## Given information
-- Opening Marker --

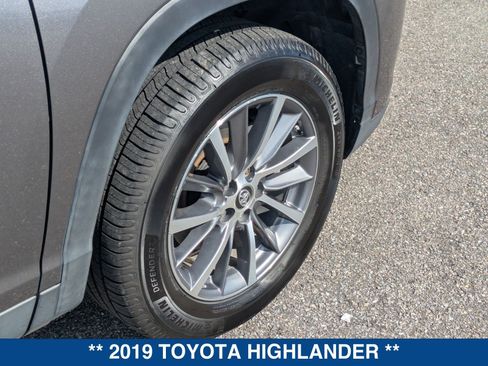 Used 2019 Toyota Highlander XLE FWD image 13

-- Closing Marker --
-- Opening Marker --

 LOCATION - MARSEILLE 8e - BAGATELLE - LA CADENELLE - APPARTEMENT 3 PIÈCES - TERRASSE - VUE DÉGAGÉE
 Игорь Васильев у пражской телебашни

-- Closing Marker --

## Task requirements
All lines in the listing above between the line with "LOCATION - MARSEILLE" and the line with "Игорь Васильев у пражской телебашни", inclusive, should be set down exactly, and no line outside that range.

## Result of this exercise
 LOCATION - MARSEILLE 8e - BAGATELLE - LA CADENELLE - APPARTEMENT 3 PIÈCES - TERRASSE - VUE DÉGAGÉE
 Игорь Васильев у пражской телебашни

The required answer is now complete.